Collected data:
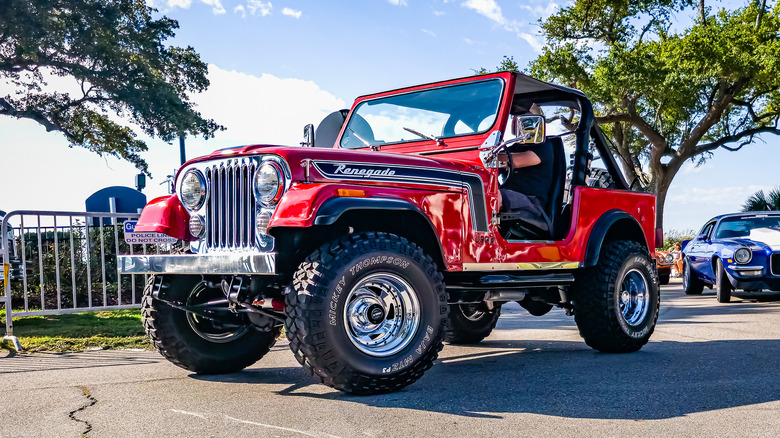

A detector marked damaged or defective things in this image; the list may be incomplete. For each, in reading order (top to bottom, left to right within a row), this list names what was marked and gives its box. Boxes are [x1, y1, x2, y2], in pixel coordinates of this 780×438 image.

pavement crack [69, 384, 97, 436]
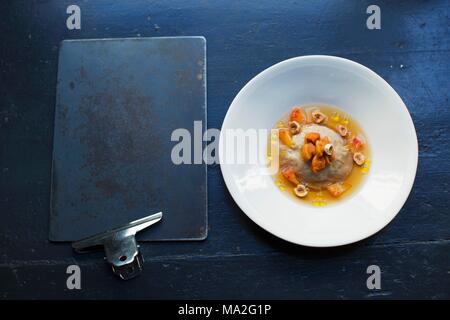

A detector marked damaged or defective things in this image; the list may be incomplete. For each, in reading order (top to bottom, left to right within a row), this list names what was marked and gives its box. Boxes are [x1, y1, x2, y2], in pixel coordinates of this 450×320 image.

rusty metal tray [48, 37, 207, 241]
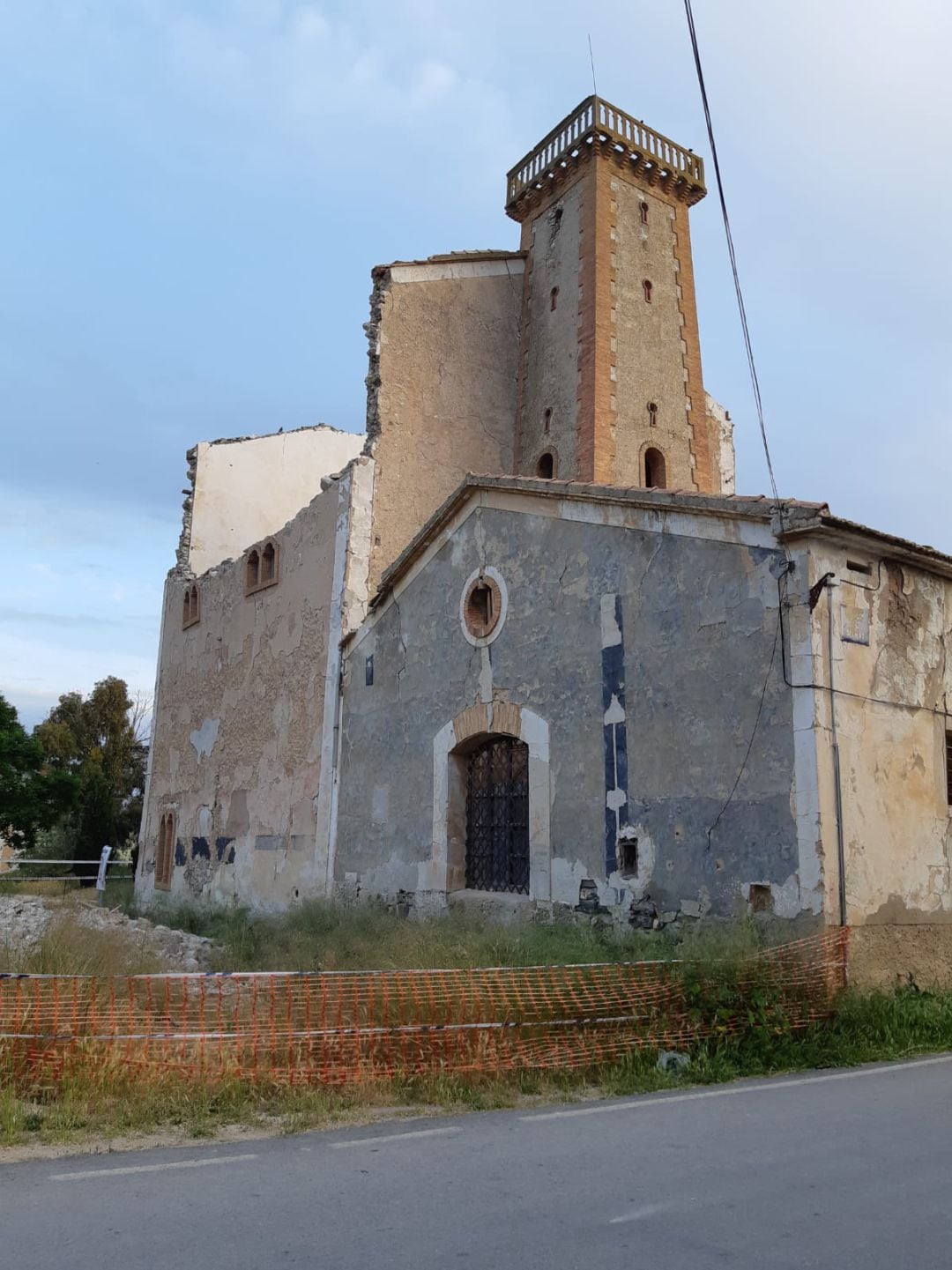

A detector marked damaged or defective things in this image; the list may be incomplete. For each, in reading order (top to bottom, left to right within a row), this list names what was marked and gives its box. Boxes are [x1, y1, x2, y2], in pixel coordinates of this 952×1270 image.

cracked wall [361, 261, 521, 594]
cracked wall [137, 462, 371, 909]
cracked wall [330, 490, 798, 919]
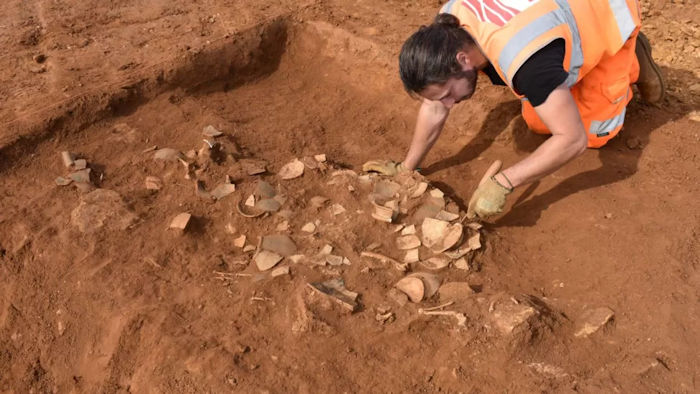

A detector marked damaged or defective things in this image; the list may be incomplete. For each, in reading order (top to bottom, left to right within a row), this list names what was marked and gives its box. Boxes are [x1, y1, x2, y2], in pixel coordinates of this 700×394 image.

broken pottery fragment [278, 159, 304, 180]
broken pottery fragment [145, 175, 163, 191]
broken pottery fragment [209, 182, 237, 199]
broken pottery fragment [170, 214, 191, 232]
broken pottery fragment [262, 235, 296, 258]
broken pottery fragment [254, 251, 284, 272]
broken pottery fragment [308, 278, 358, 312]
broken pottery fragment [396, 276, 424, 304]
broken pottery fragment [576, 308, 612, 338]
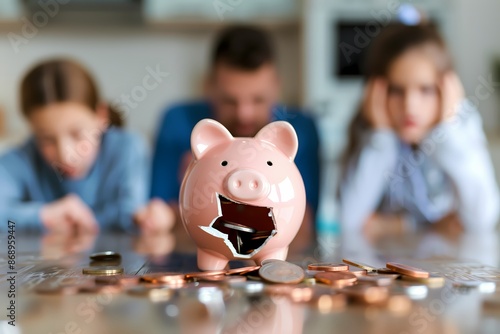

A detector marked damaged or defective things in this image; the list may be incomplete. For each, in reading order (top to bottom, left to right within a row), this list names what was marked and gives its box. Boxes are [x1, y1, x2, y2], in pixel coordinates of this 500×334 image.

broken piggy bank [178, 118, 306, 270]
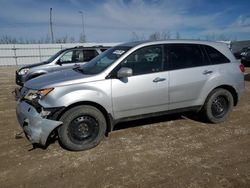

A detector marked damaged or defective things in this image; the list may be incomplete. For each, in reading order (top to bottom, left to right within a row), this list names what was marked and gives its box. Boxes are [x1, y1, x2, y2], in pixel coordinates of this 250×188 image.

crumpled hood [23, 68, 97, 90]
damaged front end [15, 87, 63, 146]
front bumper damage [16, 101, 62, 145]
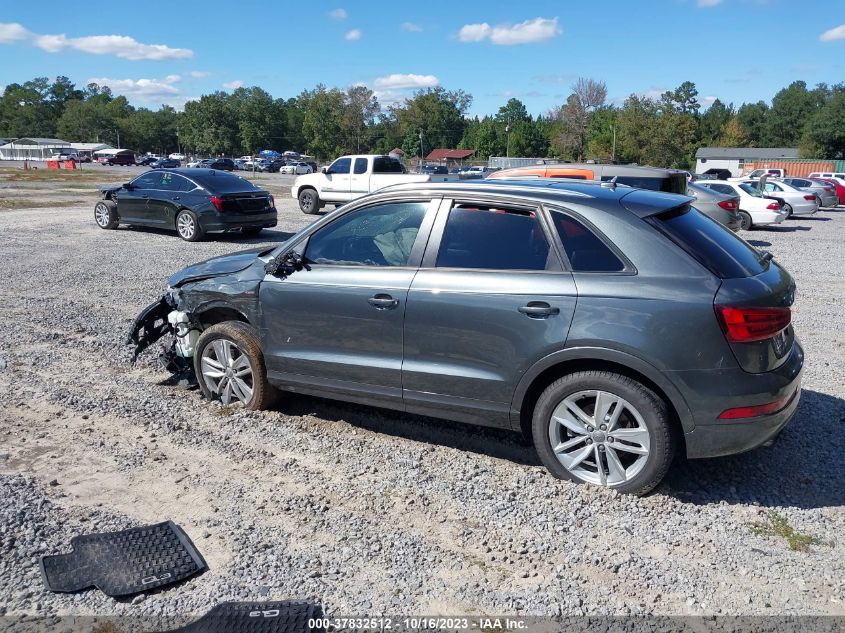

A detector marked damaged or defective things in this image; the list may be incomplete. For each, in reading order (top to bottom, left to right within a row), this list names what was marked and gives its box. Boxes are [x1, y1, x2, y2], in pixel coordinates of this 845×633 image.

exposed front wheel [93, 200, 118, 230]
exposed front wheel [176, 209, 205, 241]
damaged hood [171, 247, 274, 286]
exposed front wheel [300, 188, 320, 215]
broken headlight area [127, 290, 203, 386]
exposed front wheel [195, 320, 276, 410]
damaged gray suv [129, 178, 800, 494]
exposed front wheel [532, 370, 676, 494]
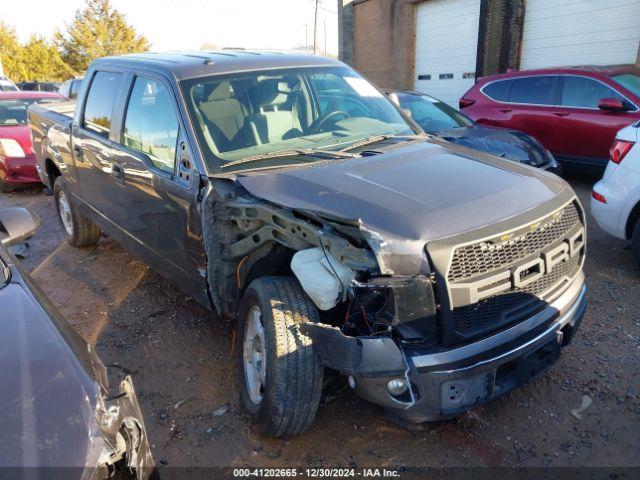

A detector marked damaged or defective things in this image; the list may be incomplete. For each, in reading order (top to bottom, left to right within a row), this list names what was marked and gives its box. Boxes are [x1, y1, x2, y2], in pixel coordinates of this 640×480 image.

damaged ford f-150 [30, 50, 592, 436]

## What you need to do
Leave out the pictures, and please output only the lines from the line that contains "this 250×188 image." through the end of the data, both ends included.

## Your solution
A detector marked damaged or defective things in this image; the list may be incomplete. For each, in reading order (top to bottom, left to right within a row), this list names what was marked and gives its box. Boxes are [x1, y1, x2, y2], in pixel coordinates of this 250×188 image.

crumpled hood [23, 68, 97, 90]
damaged front end [15, 87, 63, 146]
front bumper damage [16, 101, 62, 145]

A detector marked damaged or defective things in this image; the list may be incomplete. For each, in reading order (top to bottom, left to right within a row), this list names what was marked and gives its box. Boxes are [x1, y1, x2, y2], in pixel coordinates of this 845×633 image.

exposed front wheel [93, 200, 118, 230]
exposed front wheel [176, 209, 205, 241]
damaged hood [171, 247, 274, 286]
exposed front wheel [300, 188, 320, 215]
broken headlight area [127, 290, 203, 386]
exposed front wheel [195, 320, 276, 410]
damaged gray suv [129, 178, 800, 494]
exposed front wheel [532, 370, 676, 494]

A detector marked damaged or defective things in this image; the list may be incomplete. For each, in reading order (top to bottom, left to right within a row), this list names what was marked and gives its box. Boxes are [x1, y1, x2, y2], in pixel coordinates of this 640×480 image.

damaged ford f-150 [30, 50, 592, 436]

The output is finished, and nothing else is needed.